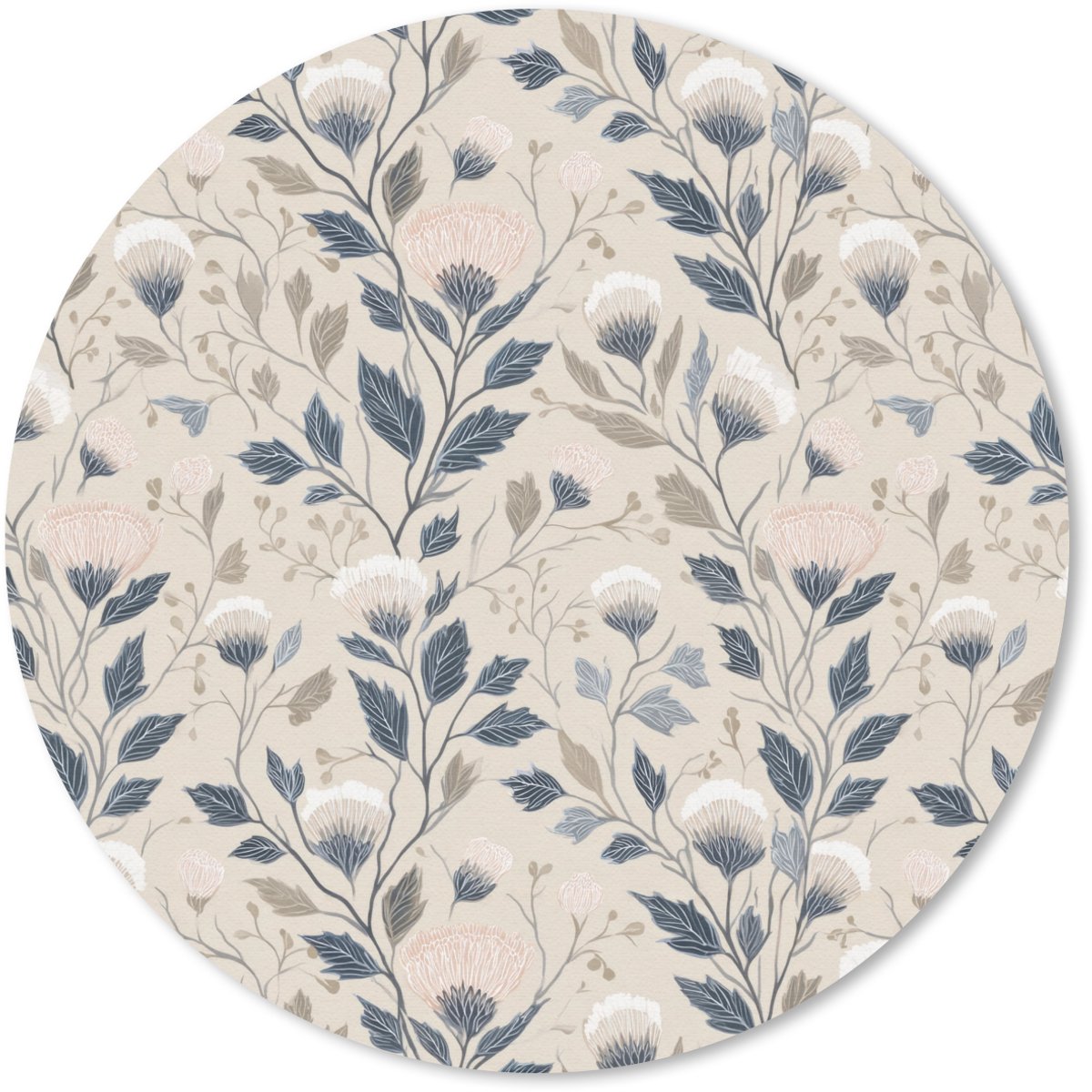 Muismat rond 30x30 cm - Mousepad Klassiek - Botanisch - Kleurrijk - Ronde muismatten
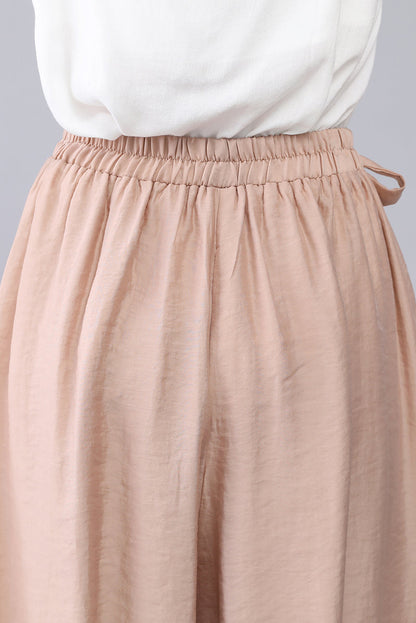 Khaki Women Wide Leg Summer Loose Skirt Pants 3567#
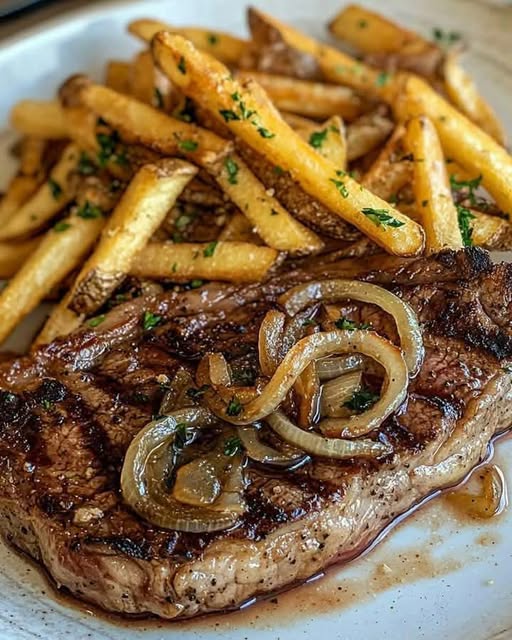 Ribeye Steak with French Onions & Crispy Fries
═══
Print the full listing above exactly. Pictures stay out of the copy.

Task output:
 Muismat rond 30x30 cm - Mousepad Klassiek - Botanisch - Kleurrijk - Ronde muismatten
 Khaki Women Wide Leg Summer Loose Skirt Pants 3567#
 Ribeye Steak with French Onions & Crispy Fries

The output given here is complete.